• **WORK REQUIRED**: Excluding images, repeat the data exactly as given.

• **INPUT DATA**:
--- START ---

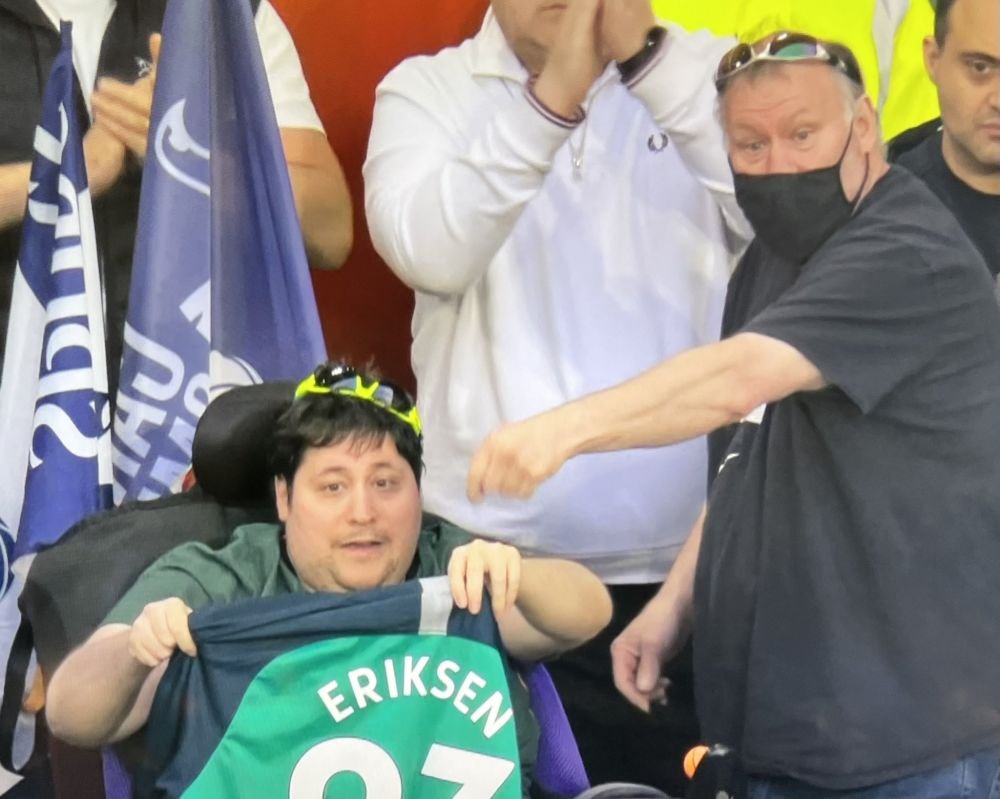 Gestul superb făcut de Christian Eriksen pentru un suporter al lui Tottenham. A fost aplaudat de un întreg stadion _4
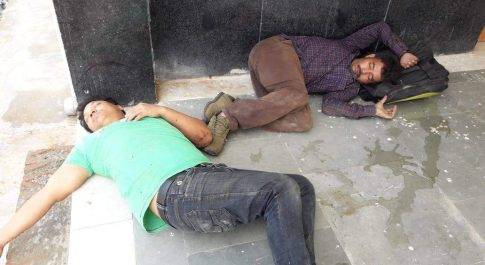 दो नेपाली हुए जहरखुरानी के शिकार,गिरोह हुआ लग भग एक लाख रुपये लेकर फरार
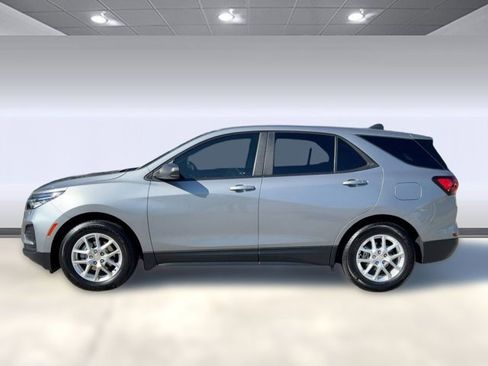 Certified 2023 Chevrolet Equinox LS w/ LS Convenience Package image 2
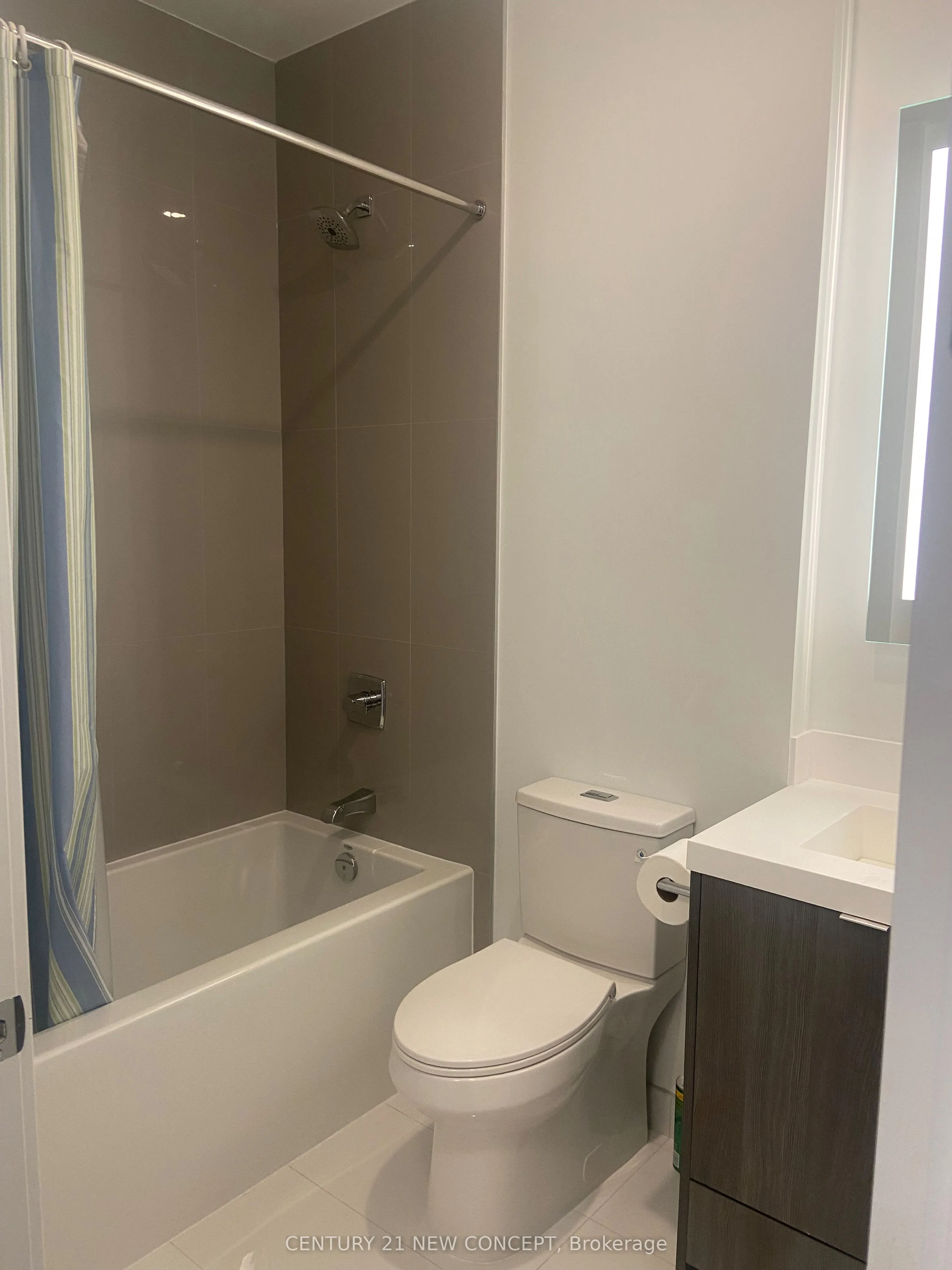 20 Inn On The Park Drive, #244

--- END ---

• **EXERCISE ANSWER**:
 Gestul superb făcut de Christian Eriksen pentru un suporter al lui Tottenham. A fost aplaudat de un întreg stadion _4
 दो नेपाली हुए जहरखुरानी के शिकार,गिरोह हुआ लग भग एक लाख रुपये लेकर फरार
 Certified 2023 Chevrolet Equinox LS w/ LS Convenience Package image 2
 20 Inn On The Park Drive, #244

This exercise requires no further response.